I usually use Benjamin Moore Satin Impervo on cabinets but am really getting tired of using oil. I am painting garage cabinets( they are in the garage but very expensive cabinets) and am thinking about using Aura. I am concerned about the vapors from an oil base paint building up in the garage where the gas water heater is. Is the Aura scrubbable? These cabinets are brand new and unpainted. Any comments on using Aura on cabinets? Thanks.


----------



## chrisn (Jul 15, 2007)

Have you thought about Benjamin Moore Satin Impervo Waterbourne? Great for cabnets


----------



## jr.painting (Aug 30, 2008)

I won't see a problem using Aura paint on new cabinets.
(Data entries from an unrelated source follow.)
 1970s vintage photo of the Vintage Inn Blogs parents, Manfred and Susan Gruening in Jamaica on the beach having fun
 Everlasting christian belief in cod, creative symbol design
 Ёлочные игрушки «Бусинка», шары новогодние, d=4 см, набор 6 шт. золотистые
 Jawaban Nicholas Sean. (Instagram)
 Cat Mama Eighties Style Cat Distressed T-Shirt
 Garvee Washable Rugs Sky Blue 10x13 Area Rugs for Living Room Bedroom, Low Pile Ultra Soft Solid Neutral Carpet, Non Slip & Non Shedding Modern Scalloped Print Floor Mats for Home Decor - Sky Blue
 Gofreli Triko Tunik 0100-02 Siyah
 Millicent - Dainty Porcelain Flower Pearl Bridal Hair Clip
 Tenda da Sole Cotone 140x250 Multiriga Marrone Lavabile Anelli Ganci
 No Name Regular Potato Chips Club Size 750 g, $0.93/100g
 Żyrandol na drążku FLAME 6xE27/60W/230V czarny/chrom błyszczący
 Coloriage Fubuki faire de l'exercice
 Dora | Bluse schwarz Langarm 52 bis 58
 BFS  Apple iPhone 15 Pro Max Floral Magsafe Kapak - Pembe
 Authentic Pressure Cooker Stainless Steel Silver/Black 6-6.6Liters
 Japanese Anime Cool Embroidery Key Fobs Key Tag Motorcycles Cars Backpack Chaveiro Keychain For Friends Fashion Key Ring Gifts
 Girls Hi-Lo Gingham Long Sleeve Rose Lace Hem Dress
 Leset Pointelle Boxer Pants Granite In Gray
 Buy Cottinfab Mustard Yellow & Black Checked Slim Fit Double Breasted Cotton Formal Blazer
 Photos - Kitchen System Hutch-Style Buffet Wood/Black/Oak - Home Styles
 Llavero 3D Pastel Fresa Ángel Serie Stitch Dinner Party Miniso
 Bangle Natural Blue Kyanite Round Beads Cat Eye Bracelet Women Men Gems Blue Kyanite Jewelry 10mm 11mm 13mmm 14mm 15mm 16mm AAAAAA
Then again I have never done this.

As for the fumes go, I would just crack the garage door, open a little, and have a fan blowing your fumes to the door.


----------



## johnthepainter (Apr 1, 2008)

you certainly dont want any explosions. before you begin painting, i would call the fire department, and have the electric company disconnect the power at the meter. consider grounding yourself, thus preventing a spark from static electricity.


----------



## slickshift (Apr 8, 2007)

Even the Aura flat (Matte) is scrubbable
Technically, any finish Aura would be fine on cabs

The Aura satin, however, doesn't seem to hold it's own compared to the Waterborne Satin Impervo in the looks after completion dept.
Holds up great...just looks kinda...off
I've actually gone over Satin Aura with WB Satin Impervo for a few customers who were unhappy with the look if the A
On trim it seems fine....not sure why cabs it's just plain OK rather than great

The Semigloss, however, is another matter
That seems to apply and look better than the satin does

Not sure what's up with that


----------



## vermontpainter (Dec 24, 2007)

The new aura semi is awesome. I highly recommend it for cabinets. The wb impervo is nice but thin.


----------



## DeanV (Apr 18, 2007)

I used the satin Aura on some paneling and it looked great. For me, it leveled better than WB Impervo. In side by side tests, it is harder than WB Impervo also, so it should be better for cabinets.


----------